- **AIM OF THE TASK**: Could you transcribe exactly the lines below, from the line with "Vintage Akro Agate" through the line with "Banana Republic Purple", and nothing else, leaving out the pictures?

RECORDS FOR PROCESSING START

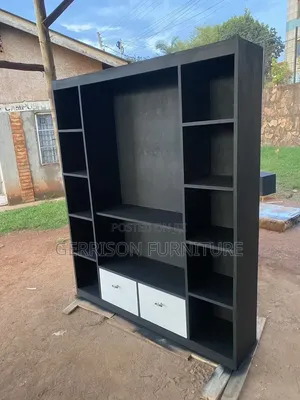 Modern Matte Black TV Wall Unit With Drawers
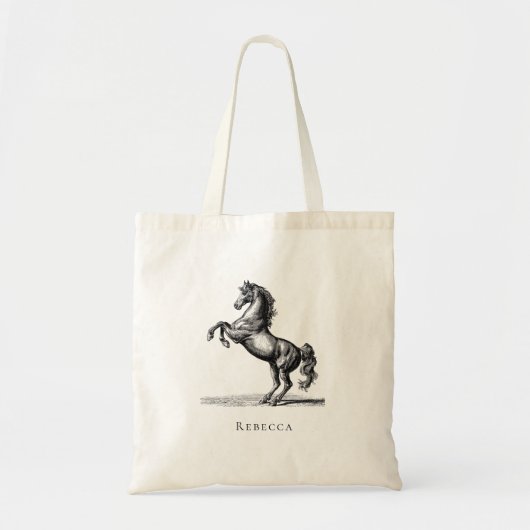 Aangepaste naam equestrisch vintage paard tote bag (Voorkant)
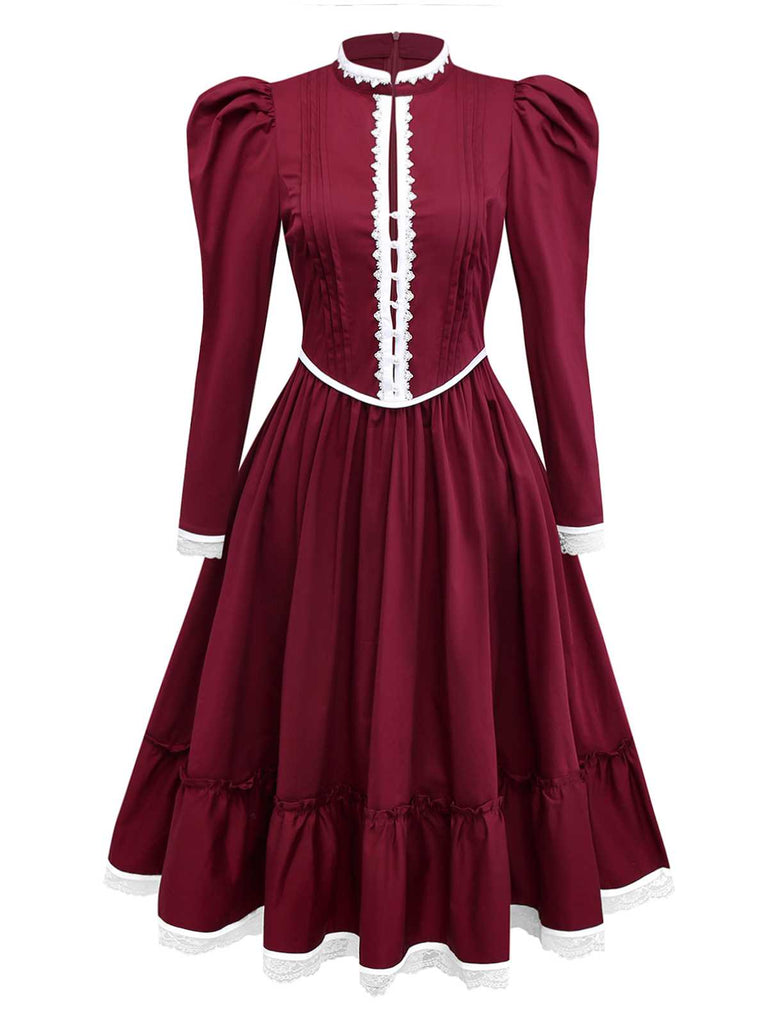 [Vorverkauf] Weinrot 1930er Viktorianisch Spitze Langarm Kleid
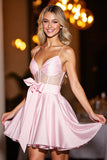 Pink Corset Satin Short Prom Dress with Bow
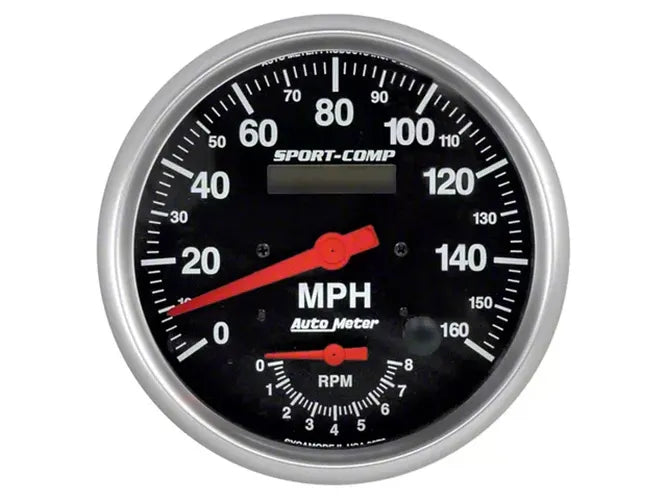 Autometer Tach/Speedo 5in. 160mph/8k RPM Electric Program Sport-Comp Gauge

RECORDS FOR PROCESSING END
RECORDS FOR PROCESSING START

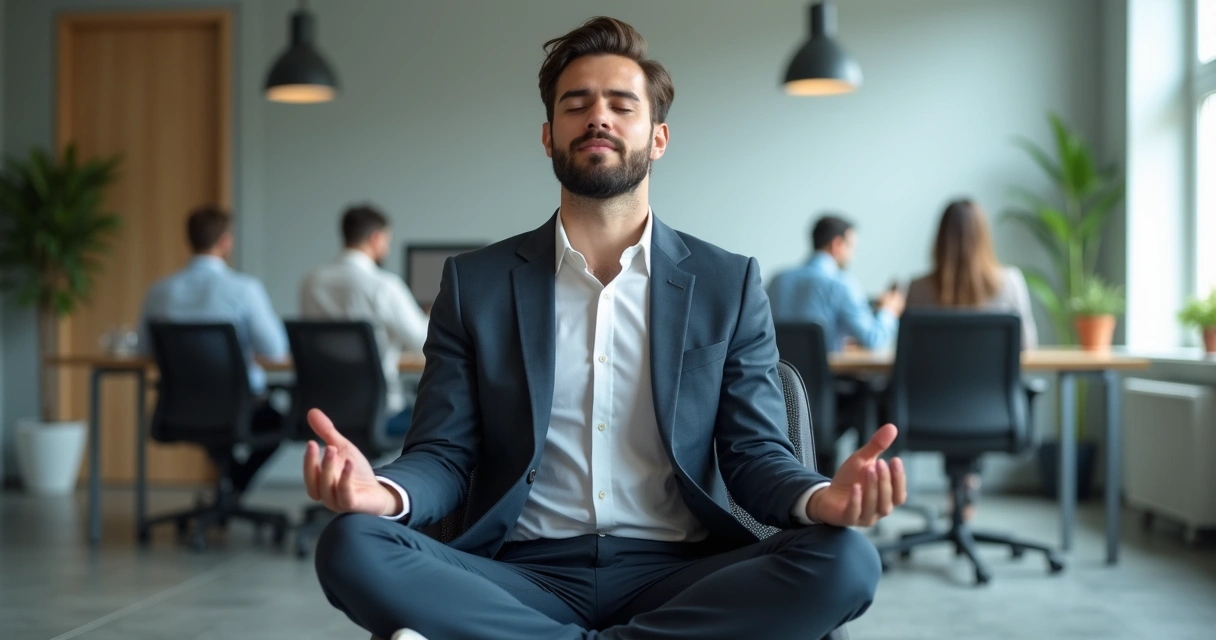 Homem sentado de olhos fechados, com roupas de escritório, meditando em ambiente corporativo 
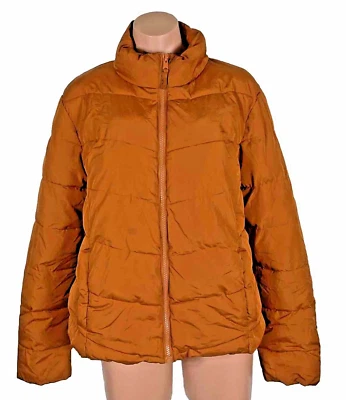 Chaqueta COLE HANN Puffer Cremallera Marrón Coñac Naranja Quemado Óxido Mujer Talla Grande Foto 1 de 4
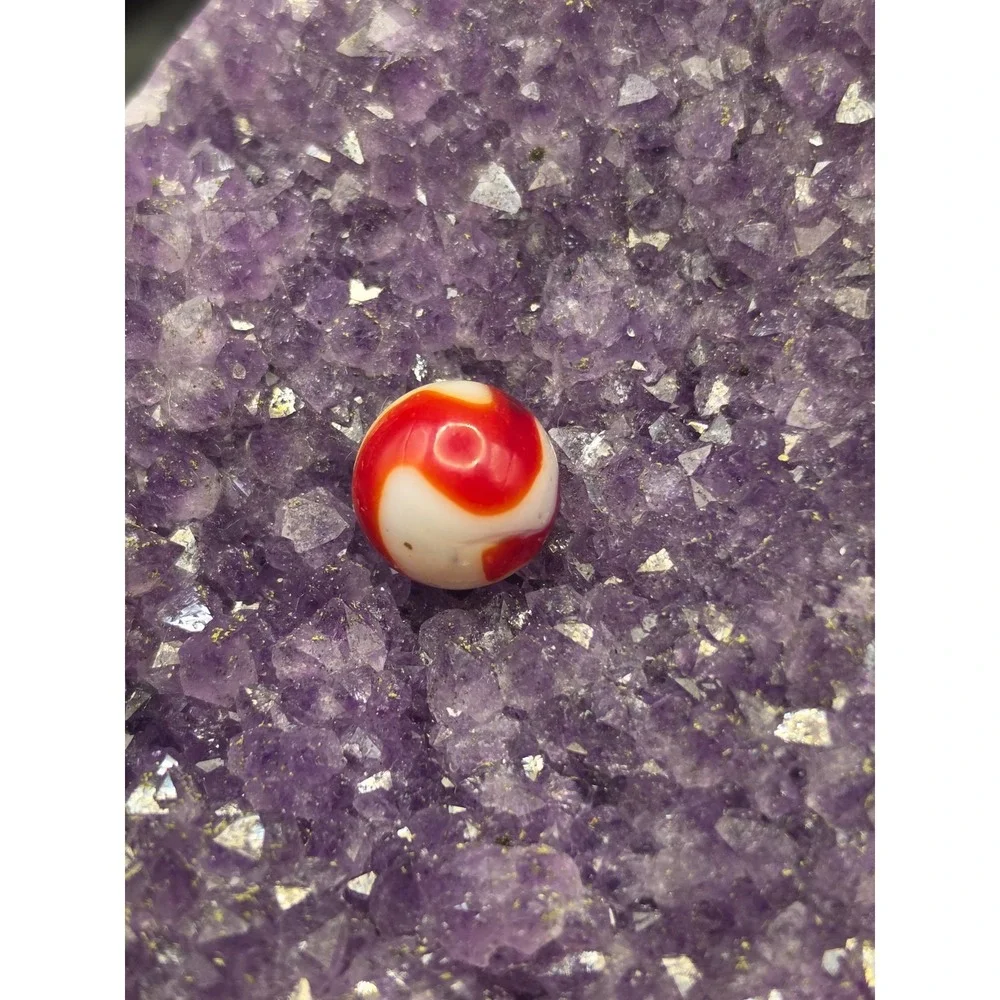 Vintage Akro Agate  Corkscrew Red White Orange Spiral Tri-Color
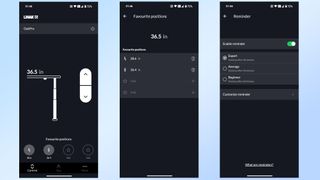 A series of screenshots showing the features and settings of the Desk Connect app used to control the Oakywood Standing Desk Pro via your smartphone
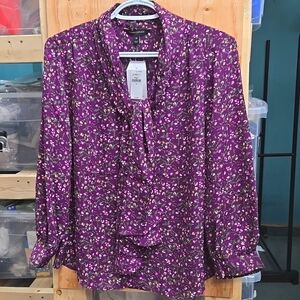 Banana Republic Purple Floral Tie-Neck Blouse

RECORDS FOR PROCESSING END
RECORDS FOR PROCESSING START

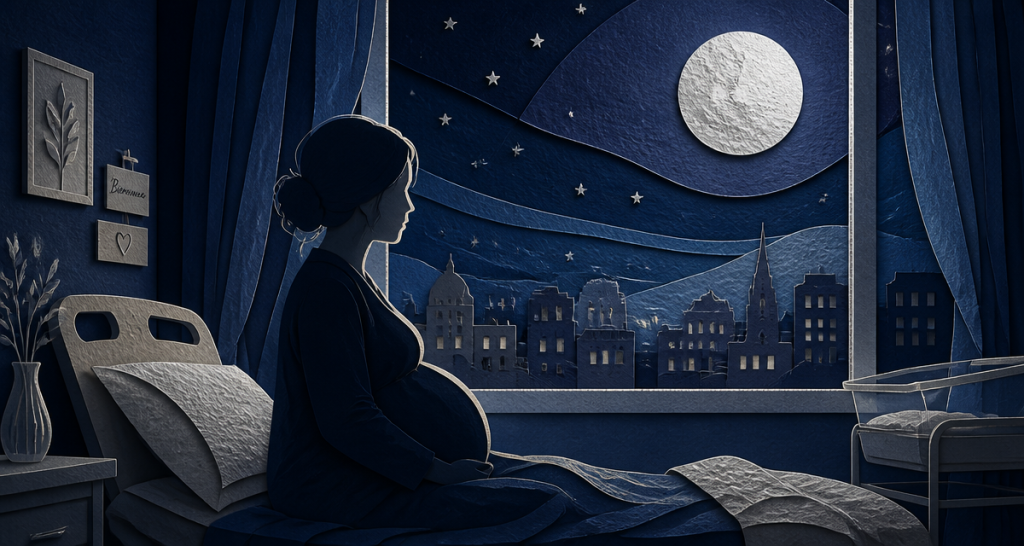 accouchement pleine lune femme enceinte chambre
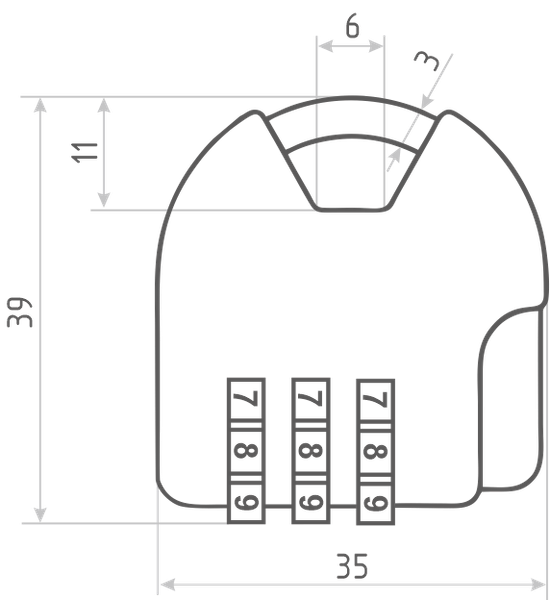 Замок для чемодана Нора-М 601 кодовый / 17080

RECORDS FOR PROCESSING END

- **TASK OUTPUT**:
 Vintage Akro Agate  Corkscrew Red White Orange Spiral Tri-Color
 A series of screenshots showing the features and settings of the Desk Connect app used to control the Oakywood Standing Desk Pro via your smartphone
 Banana Republic Purple Floral Tie-Neck Blouse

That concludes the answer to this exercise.